Small Releases is about releasing small batches of features to the customer early and continuously. It's the opposite of Waterfall's Big Bang approach, where all the features are released towards the end of the project. To enable this requires constraining large-release desires within the team.

Customer Tests

They are also known as Acceptance Tests. It's a practice where tests are included in the specifications of stories. It constrains developers from declaring a story as developed until all its acceptance tests have passed. But it enables more quality.

Whole Team

The practice where those working on a project co-locate (sit together). It constrains individual members from sitting wherever they like. But it enables serendipitous and nonverbal communication.

Social Thought

Who should choose enabling constraints? Tradition suggests the answer lies in a balance of subsidiarity and solidarity.

Subsidiarity is a principle that says regulation should happen on the local level. By this principle, the local leaders of a team, such as team leaders and tech leads, have the authority to choose their enabling constraints.

Solidarity is about the unity, alignment, and good of the whole. It motivates a central authority (such as the federal government in the USA) to regulate the entire organisation. A company's high-ups choose the enabling constraints in this view.

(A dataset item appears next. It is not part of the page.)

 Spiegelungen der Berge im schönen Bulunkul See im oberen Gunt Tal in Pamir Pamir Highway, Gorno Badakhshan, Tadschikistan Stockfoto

Because a central authority isn't in the trenches, they may not know what the best solutions for local issues are. A balance of subsidiarity and solidarity is therefore needed.

Conclusion

We enable ourselves with constraints. How ironic! Sport. Agile. Kanban. DevOps. We observe it all around us. It takes discipline to play along, though, to agree to be constrained. Conscientiousness, the personality trait, is required for that. We should, therefore, strive to have proper enabling constraints and conscientious members if we want to be a high-performance team.

P.S.

This article is an extension, with several changes, of the original Enabling Constraint article I published on Apr 24, 2023.